By Investors Hub
The major U.S. index futures are currently pointing to a higher opening on Friday following the volatility seen over the two previous sessions.
The upward momentum on Wall Street comes after U.S. Treasury Secretary Steven Mnuchin reportedly said the U.S. and China are making ?a lot of progress? in trade talks.
A report from Reuters said Mnuchin is looking forward to a meeting with Chinese Vice Premier Liu He next week, which will also include discussions on currency issues.
Traders also seem to be expressing optimism about negotiations to end the government shutdown even though two separate proposals to re-open the government failed in the Senate yesterday.
Overall trading activity may be somewhat subdued, however, as no major U.S. economic data will be released on the day due to the ongoing shutdown.

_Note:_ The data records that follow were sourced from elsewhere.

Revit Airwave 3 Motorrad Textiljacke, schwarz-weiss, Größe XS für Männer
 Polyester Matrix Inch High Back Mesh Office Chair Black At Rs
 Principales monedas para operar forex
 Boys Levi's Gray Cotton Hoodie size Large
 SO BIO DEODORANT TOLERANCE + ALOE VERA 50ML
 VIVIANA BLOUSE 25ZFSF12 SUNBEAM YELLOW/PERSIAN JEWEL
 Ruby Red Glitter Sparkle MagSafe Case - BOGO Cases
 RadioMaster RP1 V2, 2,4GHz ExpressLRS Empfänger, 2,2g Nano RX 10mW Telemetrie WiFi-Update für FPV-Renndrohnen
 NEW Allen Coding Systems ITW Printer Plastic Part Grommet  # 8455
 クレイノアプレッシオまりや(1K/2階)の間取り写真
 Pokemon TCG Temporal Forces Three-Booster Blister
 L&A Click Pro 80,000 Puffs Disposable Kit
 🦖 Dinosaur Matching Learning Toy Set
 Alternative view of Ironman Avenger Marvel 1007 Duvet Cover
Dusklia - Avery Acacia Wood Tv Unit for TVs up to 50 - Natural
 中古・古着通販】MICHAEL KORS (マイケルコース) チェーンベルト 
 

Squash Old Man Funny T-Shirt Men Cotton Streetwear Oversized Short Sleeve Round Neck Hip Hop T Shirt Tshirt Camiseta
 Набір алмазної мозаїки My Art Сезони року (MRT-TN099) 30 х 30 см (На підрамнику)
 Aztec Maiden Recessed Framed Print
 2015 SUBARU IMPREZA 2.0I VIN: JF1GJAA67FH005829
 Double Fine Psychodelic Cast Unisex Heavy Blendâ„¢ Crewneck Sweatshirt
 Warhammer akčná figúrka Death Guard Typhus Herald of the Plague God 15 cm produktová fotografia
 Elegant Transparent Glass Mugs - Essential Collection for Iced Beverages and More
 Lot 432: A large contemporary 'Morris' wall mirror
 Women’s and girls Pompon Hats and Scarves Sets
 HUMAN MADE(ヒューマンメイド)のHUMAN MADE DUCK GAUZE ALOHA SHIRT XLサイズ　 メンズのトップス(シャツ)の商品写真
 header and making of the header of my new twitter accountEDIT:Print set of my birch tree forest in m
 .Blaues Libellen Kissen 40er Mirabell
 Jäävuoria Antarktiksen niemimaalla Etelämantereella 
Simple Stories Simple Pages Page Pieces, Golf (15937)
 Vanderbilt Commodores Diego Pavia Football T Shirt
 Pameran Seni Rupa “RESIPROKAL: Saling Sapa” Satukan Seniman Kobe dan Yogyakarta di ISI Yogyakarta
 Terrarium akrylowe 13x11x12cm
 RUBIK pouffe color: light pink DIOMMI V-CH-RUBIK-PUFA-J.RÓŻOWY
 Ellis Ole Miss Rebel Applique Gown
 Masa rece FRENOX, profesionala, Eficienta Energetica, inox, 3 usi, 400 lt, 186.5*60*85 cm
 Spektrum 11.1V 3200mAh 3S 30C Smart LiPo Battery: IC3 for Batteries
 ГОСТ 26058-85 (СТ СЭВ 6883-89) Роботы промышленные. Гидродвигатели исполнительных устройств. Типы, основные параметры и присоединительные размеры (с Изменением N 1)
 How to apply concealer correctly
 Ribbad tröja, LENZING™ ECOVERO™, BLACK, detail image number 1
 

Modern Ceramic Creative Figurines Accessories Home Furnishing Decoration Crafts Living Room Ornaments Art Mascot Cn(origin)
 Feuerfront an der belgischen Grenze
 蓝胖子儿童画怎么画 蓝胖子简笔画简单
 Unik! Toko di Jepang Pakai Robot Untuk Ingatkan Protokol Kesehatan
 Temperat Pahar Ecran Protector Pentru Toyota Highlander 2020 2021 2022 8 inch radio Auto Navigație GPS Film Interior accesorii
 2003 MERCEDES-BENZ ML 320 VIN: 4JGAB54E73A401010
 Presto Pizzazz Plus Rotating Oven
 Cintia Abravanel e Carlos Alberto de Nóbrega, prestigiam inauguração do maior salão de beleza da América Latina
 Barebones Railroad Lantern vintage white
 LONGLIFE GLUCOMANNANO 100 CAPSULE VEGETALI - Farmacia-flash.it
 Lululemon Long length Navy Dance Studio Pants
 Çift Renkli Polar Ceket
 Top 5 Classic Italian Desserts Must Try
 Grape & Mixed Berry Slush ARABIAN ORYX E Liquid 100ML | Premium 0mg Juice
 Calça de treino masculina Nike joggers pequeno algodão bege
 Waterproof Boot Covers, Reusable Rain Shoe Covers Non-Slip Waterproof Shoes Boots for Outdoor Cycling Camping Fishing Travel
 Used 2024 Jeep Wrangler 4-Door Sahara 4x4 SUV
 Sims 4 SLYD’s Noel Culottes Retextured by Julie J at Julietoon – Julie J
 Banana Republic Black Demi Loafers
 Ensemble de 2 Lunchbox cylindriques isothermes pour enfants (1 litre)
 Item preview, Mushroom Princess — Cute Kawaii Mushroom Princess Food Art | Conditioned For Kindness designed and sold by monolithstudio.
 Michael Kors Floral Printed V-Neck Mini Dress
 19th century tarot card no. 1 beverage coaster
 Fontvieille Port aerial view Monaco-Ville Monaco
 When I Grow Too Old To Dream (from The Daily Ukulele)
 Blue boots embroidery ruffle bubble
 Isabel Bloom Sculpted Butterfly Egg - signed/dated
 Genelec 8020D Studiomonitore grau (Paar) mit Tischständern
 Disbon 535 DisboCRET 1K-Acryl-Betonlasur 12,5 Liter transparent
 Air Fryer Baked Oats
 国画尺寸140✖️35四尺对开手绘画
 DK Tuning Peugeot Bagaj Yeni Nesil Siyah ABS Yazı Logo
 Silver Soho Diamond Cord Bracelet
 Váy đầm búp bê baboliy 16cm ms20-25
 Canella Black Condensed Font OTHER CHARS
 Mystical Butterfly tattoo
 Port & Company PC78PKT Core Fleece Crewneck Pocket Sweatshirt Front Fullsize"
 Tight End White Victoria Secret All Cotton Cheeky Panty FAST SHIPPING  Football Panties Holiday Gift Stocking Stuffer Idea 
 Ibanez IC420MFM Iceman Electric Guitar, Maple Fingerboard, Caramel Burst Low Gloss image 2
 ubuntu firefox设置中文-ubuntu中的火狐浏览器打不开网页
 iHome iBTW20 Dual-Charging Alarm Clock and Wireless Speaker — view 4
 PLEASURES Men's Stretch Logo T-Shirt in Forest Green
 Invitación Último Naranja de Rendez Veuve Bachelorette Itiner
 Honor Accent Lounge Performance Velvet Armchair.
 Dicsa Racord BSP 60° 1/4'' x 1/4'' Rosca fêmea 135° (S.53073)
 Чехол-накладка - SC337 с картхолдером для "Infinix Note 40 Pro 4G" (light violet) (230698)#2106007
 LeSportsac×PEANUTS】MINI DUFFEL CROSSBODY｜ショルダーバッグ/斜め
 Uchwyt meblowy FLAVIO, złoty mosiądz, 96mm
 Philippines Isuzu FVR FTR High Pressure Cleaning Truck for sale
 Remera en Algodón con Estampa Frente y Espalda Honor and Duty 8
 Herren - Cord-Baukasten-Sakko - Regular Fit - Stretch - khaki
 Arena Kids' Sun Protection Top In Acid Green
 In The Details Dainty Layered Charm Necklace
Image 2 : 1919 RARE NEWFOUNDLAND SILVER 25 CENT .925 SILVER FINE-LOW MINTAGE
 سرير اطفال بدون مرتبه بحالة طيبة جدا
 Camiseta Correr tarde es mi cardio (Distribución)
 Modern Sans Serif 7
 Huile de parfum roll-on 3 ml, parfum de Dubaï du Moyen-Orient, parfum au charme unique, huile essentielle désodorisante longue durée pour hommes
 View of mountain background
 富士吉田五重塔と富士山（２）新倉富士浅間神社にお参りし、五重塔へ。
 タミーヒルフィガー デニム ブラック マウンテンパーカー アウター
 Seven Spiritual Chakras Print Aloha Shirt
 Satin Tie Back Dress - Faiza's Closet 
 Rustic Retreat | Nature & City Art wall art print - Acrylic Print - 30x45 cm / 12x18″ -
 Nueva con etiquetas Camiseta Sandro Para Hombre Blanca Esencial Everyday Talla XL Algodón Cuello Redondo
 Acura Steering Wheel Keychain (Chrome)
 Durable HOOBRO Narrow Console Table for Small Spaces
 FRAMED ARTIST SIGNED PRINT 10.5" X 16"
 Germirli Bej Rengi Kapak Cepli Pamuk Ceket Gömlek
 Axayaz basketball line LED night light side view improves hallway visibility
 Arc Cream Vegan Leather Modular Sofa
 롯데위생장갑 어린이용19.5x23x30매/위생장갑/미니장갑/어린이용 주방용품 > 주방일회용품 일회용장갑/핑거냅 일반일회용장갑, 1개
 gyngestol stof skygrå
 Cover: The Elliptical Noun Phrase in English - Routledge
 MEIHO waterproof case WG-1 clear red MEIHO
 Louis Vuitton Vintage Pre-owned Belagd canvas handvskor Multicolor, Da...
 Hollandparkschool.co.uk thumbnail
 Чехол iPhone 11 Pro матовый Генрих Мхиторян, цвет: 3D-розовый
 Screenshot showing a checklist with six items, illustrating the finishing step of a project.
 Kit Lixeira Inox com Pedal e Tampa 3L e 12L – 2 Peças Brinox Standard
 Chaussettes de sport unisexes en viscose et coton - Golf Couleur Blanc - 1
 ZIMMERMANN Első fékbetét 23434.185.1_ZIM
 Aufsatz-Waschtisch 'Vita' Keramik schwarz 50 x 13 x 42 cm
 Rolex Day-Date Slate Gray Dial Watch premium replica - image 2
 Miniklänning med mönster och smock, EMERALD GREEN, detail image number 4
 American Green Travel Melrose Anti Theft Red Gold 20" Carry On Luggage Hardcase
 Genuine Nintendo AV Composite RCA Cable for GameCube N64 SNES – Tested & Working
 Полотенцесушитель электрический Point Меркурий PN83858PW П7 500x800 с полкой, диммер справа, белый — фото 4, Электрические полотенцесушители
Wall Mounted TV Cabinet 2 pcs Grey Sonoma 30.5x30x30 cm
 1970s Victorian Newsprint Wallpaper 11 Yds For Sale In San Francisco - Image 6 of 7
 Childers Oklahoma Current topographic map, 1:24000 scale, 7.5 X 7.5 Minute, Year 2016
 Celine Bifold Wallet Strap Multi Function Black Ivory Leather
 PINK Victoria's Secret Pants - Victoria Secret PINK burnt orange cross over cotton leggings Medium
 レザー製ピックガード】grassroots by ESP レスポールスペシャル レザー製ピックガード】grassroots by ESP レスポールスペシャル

Extending the volatile performance seen on Wednesday, stocks showed a lack of direction over the course of the trading day on Thursday. The Dow and the S&P 500 spent the day bouncing back and forth across the unchanged line, although the tech-heavy Nasdaq managed to remain positive.
The major averages eventually ended the session mixed. While the Dow edged down 22.38 points or 0.1 percent to 24,553.24, the Nasdaq advanced 47.69 points or 0.7 percent to 7,073.46 and the S&P 500 inched up 3.63 points or 0.1 percent to 2,642.33.
The choppy trading on Wall Street came after Commerce Secretary Wilbur Ross told CNBC the U.S. is “miles and miles” from a trade deal with China.
“Frankly, that shouldn’t be too surprising,” Ross said in an interview on CNBC’s “Squawk Box,” noting the U.S. and China have “lots and lots of issues.”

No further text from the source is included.